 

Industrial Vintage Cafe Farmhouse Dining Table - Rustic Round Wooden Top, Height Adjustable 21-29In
######
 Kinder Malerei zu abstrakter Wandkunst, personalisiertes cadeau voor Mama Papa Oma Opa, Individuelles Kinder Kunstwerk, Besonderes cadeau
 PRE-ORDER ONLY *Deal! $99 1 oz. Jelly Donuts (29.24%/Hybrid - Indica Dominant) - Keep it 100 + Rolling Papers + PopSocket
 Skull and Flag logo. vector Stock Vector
######
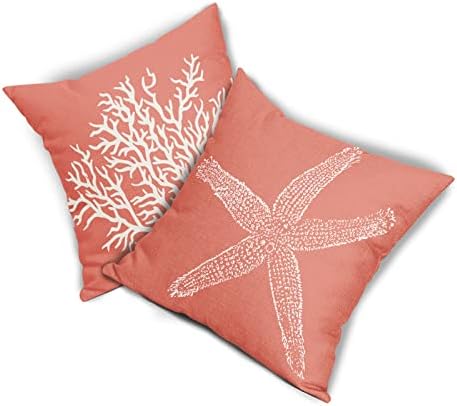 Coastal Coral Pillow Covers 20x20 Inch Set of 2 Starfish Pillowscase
######
◆ **ASSIGNED TASK**
Above are the records; print exactly the lines from the line with "Kinder Malerei zu" to the line with "Skull and Flag logo. vector Stock Vector", including both, and nothing else.

◆ **COMPLETED EXERCISE**
 Kinder Malerei zu abstrakter Wandkunst, personalisiertes cadeau voor Mama Papa Oma Opa, Individuelles Kinder Kunstwerk, Besonderes cadeau
 PRE-ORDER ONLY *Deal! $99 1 oz. Jelly Donuts (29.24%/Hybrid - Indica Dominant) - Keep it 100 + Rolling Papers + PopSocket
 Skull and Flag logo. vector Stock Vector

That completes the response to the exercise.